Deputy Chief Minister Manish Sisodia Friday had tabled the Right of Children to Free and Compulsory Education (Delhi Amendment) Bill, 2015, which proposes the abolition of the no-detention policy till Class VIII. No class is specified after which detention will be legal, implying that children can be held back from entry level.
Staunchly defending the move, Sisodia had said, “We have to first prepare the ground, strengthen the Continuous Comprehensive Evaluation (CCE) System and prepare our teachers and students… As of now, our assessment shows this system has done a lot of damage… Giving quality CCE to ensure the child is ready for the next level is something the government wants to focus on. Once the planned changes in teacher training and curriculum are in place, we can say that we are ready for no-detention policy.”
However, educationists have termed the decision regressive.
“The biggest problem with the move is that it places the blame on the student for not being able to perform while absolving the school of any blame. It will prove to be most damaging for poor students as they will be the first to be pushed out of the system,” said Anita Rampal, Dean, Faculty of Education, Delhi University.
“Instead of failing the child, the government needs to asks what it has done to create an enabling, learning environment for children…,” she added.
Sisodia had also cited results of examinations from 2011 to 2014, where large sections of students failed but were still promoted — 14 per cent from Class VI in 2011-12, 18 per cent the next year and 25 per cent in 2013-14. The trends were similar for classes VII and VIII.
Sisodia had also observed that some provisions of the RTE Act were prohibiting quality education.
“No-detention policy up to Class VIII is creating problems for such children who are not attaining minimum level of learning of appropriate class. These problems are realised when these children are promoted to the next class,” said Sisodia.
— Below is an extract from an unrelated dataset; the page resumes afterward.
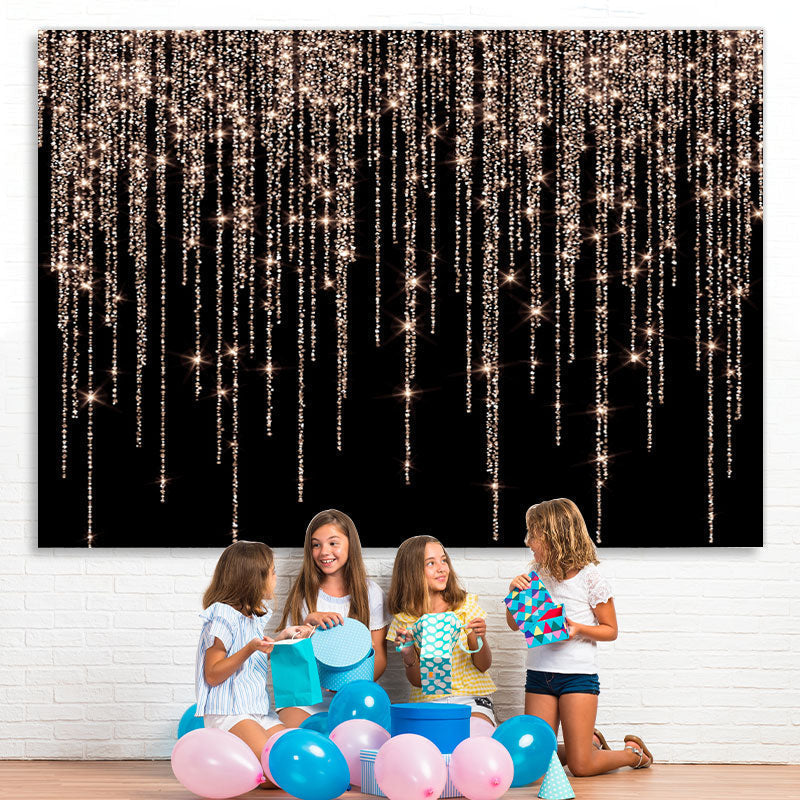 Lofaris Glitter Rose Gold Golden Black Birthday Background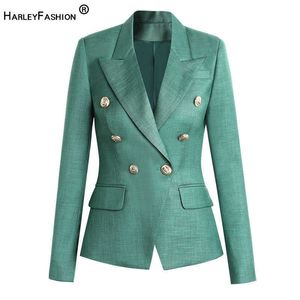 HARLEYFASHION Européen de haute qualité Luxueux Designer Slim Formel Wear Costume Dames Veste Double Boutonnage À Manches Longues Blazer X0721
Refuting the government claims of the policy ‘deteriorating standards’ of education, experts questioned the validity of the government’s claims.
“Across the world, the no-detention policy has been successfully implemented with great results for students. If it can be done everywhere, why not India?” said Parth Shah, president, Center for Civil Society, adding that the government should hire more teachers and conduct remedial classes.